What you are asked to do ->
Find the line with "MILWAUKEE WÓZEK TRANSPORTOWY" in the entries below, then reproduce it and every line after it down to and including the line with "Scala City Center", exactly.

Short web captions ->
▽
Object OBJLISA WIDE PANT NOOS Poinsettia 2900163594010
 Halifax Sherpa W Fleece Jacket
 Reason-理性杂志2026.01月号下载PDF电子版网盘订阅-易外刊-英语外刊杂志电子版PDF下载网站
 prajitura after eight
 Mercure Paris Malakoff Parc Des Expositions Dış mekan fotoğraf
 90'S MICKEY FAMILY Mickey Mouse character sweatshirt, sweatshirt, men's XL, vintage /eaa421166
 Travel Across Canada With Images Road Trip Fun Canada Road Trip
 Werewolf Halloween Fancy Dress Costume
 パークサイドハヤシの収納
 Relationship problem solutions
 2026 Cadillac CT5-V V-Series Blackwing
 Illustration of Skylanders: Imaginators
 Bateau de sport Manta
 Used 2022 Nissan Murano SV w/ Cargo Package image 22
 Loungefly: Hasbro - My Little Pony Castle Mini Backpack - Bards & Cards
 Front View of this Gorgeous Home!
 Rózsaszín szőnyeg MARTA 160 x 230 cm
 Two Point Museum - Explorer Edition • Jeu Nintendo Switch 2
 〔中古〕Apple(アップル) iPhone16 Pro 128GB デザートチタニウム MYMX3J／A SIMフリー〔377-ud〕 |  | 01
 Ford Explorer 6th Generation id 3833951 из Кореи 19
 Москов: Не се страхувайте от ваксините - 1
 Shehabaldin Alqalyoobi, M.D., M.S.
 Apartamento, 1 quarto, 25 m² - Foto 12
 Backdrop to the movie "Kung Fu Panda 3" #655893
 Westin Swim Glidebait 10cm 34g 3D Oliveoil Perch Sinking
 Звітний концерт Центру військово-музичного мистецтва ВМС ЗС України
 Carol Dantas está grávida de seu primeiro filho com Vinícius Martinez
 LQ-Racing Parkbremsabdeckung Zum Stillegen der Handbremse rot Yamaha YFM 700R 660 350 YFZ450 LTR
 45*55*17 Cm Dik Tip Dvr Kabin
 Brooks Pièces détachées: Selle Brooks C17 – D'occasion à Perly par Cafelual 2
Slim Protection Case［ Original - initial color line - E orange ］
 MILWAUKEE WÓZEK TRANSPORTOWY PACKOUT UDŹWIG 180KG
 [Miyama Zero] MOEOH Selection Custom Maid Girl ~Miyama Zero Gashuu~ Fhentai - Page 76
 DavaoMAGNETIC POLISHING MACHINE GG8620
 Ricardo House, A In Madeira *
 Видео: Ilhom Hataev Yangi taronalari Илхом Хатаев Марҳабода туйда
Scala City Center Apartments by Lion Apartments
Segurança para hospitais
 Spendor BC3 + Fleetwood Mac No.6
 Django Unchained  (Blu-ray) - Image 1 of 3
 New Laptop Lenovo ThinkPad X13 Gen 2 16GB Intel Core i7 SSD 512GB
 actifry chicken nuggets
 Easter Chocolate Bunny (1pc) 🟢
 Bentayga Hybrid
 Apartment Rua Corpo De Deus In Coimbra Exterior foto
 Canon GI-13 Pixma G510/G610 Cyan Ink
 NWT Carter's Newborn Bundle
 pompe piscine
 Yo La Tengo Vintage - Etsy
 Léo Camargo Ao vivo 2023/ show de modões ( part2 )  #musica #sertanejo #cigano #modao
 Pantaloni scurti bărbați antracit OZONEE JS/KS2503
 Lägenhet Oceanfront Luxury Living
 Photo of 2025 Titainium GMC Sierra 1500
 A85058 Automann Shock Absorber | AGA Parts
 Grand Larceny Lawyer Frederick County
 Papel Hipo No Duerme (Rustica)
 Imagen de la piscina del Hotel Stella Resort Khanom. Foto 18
△
Solution for this problem ->
 MILWAUKEE WÓZEK TRANSPORTOWY PACKOUT UDŹWIG 180KG
 [Miyama Zero] MOEOH Selection Custom Maid Girl ~Miyama Zero Gashuu~ Fhentai - Page 76
 DavaoMAGNETIC POLISHING MACHINE GG8620
 Ricardo House, A In Madeira *
 Видео: Ilhom Hataev Yangi taronalari Илхом Хатаев Марҳабода туйда
Scala City Center Apartments by Lion Apartments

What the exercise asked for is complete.